A few framed photographs of Alex Sheridan’s late grandfather Henry Sheridan hang behind his desk at Lake Forest Country Day School (LFCDS).
Henry, an immigrant from Vienna, Austria, changed his surname to Sheridan in 1940 after volunteering to join the U.S. Army. The history of Civil War Union General Philip Henry Sheridan—a certain iconic road along the North Shore is named in his honor—was familiar to the other soldiers at Fort Benning who planted the idea for the name change. After receiving a battlefield commission, Henry Sheridan served as an intelligence officer under General George S. Patton in World War II.
“I’m looking at the photos of my grandfather right now,” Alex Sheridan, Director of Enrollment, Marketing, and Financial Aid at LFCDS since 2018, says in a phone conversation.
Perfect. Alex Sheridan digs history.
“Sheridan Road,” adds the 35-year-old, “became Sheridan Road in 1889.” This was one year after LFCDS opened its doors for the first time.
“There’s a lot of history at this school, a lot of tradition,” says Sheridan, who earned many varsity letters in soccer, basketball, and baseball en route to Hall of Fame honors at The Browning School in New York City. “But, embedded in that tradition has always lived a commitment to progressive education, to constantly asking, ‘What’s next?’” Sheridan explains.

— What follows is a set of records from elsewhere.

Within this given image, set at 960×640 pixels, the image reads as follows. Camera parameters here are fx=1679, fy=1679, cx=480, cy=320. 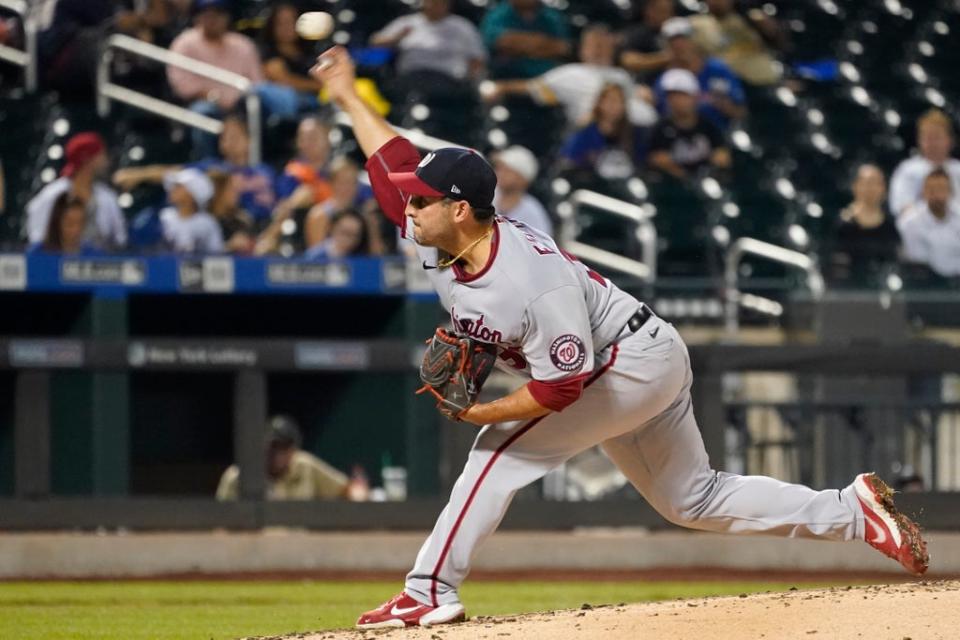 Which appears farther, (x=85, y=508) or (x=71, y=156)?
(x=71, y=156)

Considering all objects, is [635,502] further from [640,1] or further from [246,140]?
[640,1]

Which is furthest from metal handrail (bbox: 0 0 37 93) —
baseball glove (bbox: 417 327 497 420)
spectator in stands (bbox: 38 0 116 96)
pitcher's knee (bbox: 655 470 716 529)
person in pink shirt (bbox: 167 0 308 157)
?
pitcher's knee (bbox: 655 470 716 529)

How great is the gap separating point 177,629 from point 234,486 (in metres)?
2.79

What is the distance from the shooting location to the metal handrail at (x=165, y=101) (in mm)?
10891

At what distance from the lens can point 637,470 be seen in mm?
5172

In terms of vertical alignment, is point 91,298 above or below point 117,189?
below

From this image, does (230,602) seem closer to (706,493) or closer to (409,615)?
(409,615)

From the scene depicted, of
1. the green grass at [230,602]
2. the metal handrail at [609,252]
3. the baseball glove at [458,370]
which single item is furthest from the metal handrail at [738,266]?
the baseball glove at [458,370]

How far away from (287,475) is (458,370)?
4249 millimetres

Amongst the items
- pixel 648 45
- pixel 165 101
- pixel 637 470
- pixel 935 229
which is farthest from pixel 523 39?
pixel 637 470

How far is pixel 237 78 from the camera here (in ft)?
36.8

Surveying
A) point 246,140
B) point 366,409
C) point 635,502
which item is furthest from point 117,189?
point 635,502

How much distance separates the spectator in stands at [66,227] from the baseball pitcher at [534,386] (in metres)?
4.03

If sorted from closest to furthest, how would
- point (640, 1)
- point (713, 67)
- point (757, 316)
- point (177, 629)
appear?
point (177, 629)
point (757, 316)
point (713, 67)
point (640, 1) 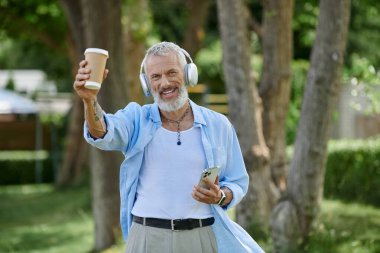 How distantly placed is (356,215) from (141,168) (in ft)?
23.8

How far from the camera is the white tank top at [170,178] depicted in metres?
4.82

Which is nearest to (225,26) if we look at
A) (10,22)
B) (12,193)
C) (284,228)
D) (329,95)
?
(329,95)

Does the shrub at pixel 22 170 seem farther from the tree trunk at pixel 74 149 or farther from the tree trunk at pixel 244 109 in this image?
the tree trunk at pixel 244 109

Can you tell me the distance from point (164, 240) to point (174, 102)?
2.46ft

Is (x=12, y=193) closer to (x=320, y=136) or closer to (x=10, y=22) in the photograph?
(x=10, y=22)

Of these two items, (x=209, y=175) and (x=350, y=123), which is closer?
(x=209, y=175)

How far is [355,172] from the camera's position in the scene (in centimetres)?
1361

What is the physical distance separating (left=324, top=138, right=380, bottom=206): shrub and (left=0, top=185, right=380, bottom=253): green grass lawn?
1.06ft

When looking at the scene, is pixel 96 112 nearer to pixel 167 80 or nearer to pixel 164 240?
pixel 167 80

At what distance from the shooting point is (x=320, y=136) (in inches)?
352

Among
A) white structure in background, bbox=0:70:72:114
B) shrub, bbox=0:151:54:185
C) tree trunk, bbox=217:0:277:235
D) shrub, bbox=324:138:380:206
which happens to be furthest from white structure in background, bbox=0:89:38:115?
tree trunk, bbox=217:0:277:235

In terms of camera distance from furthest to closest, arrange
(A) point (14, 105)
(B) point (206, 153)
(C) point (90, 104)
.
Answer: (A) point (14, 105), (B) point (206, 153), (C) point (90, 104)

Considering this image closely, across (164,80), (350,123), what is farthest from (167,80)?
(350,123)

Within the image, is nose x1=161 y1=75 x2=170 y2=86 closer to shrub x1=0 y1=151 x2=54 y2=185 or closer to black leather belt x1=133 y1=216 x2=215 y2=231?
black leather belt x1=133 y1=216 x2=215 y2=231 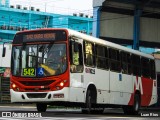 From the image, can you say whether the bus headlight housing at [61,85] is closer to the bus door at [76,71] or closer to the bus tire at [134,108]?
the bus door at [76,71]

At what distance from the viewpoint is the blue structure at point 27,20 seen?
71688mm

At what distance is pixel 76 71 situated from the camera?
62.8 feet

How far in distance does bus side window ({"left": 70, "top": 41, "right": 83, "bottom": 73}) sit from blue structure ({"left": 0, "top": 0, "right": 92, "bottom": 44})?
1979 inches

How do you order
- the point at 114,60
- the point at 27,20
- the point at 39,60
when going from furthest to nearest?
the point at 27,20 → the point at 114,60 → the point at 39,60

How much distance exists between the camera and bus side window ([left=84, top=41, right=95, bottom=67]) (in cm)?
1997

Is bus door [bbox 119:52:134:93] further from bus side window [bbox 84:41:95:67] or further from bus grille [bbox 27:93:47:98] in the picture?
bus grille [bbox 27:93:47:98]

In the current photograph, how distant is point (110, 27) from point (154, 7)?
4.23 meters

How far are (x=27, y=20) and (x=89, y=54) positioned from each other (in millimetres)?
55555

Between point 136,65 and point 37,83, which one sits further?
point 136,65

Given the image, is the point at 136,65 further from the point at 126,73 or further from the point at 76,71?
the point at 76,71

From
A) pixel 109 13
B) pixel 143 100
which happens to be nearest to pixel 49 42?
pixel 143 100

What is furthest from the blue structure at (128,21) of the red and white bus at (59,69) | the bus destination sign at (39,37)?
the bus destination sign at (39,37)

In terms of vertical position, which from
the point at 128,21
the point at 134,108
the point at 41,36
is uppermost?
the point at 128,21

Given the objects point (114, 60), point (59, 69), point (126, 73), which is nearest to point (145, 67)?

“I love being here. I love talking about the school. I knew about Lake Forest Country Day School when I was working at several schools on the East Coast (The Masters School in Dobbs Ferry, New York, and Riverdale Country School in the Bronx, New York, to name a pair). Lake Forest Country Day School was nationally revered and recognized then, and it still is.”
Two short months after Sheridan’s first day of work at LFCDS, a parent approached him and said something that would be repeated … by other parents: “Lake Forest Country Day School changed my child’s life.”
Sheridan continues to hear another refrain, often, at the 33-acre campus.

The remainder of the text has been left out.